A recreation of his Sausalito studio

The Farley strip originally began in 1975 as a nationally syndicated strip, Travels with Farley, until Frank made the unusual decision to switch to all local San Francisco focus. 

The exhibit has examples of other strips by Frank including the syndicated features Miles to Go and The Elderberries as well as his Fritz Crackers strips for the local MarinScope.

Fritz Crackers

Beyond the works of comic art, the MMoCA show also presents Frank’s assemblages, paintings and sketches.

 Cartoons from True West magazine

The exhibit runs until April 10th.

Wednesday, February 24, 2016

Notes from the Underground: Vintage photos of Jaxon and Wes Wilson

This month’s exhibit in the Maurice Del Mue galleries at the San Geronimo Valley Community Center is the Floyd Family Traveling Picture Show.  It’s a collection of photos, primarily of the San Geronimo Valley in Marin county, dating back to the late 1960’s taken by prolific photographer Harlan Floyd (1928 – 1991).

Back in the late ’60’s the Valley, became the new home to many refugees from the post-‘Summer of Love’ Haight –Ashbury scene.   Folks associated with the Digger’s, the Family Dog, the Grateful Dead, artists and activists, all made their way to the San Geronimo Valley.

The exhibit is filled with photos dating back 40+years of happy-go-lucky, long-haired folks, gypsy caravans, even a shot of Jerry Garcia playing softball…

Fortunately Harlan captured it all.

Harlan’s son Hank Floyd (who’s work is also part of the exhibit) recently gave me copies of a few historic photos—notably of artists Jaxon and Wes Wilson-- which he knew would be of interest to me.

Cartoonist Jaxon circa early 1970's

Above is Jack Jackson aka Jaxon one of the true founding fathers of Underground Comix.  He drew the proto-underground God Nose in Austin, Texas in 1964 and then worked for the Chet Helm’s Family Dog  in San Francsico before co founding Rip Off Press.

He is probably best remembered for his seminal historical comics and graphic novels such as White Comanche, Blood on the Moon, Red Raider (Comanche Moon), Los Tejanos, Secret of San Saba and El Alamo among others.
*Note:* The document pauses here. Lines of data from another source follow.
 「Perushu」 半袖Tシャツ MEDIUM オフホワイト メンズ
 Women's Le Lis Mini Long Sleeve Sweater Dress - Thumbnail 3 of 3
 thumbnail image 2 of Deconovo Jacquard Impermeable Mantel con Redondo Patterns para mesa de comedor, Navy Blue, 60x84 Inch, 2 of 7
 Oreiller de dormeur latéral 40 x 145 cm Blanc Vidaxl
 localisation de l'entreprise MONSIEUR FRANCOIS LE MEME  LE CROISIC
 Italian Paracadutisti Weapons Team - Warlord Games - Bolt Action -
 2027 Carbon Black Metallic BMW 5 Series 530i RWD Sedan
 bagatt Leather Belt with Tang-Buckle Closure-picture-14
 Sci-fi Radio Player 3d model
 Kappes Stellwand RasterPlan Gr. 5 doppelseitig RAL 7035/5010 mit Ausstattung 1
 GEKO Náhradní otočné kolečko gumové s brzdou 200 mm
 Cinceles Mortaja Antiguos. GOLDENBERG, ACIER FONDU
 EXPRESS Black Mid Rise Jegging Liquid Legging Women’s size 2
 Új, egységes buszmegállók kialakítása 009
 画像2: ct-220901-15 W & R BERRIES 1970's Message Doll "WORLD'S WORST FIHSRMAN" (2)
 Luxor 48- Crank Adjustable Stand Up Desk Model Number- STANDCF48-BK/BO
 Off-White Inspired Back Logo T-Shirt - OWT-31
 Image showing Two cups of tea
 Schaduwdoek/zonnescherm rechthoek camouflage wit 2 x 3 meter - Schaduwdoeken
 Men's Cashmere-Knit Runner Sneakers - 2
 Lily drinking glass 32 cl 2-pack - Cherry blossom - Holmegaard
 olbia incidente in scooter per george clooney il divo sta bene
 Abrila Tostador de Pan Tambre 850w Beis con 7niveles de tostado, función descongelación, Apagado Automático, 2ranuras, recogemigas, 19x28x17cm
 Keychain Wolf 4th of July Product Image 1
He died in 2006.

                                         Beatrice  Bonini and Jaxon in the San Geronimo Valley 

Apparently, Jaxon spent enough time in the Valley to be captured by the lens of Harlan Floyd.

                                             Wes Wilson, Eva and family living in Lagunitas circa 1970.

Wes Wilson is usually acknowledged as the father -- of the 1960’s San Francisco so-called psychedelic poser.  He innovated the melting-morphing ‘psychedelic’ font back in the mid-60’s.
Wilson is still an active artist living, I believe, on a farm in Missouri.

                                                                         Wilson in his Lagunitas studio.

Much thanks to Hank Floyd for the use of the photos.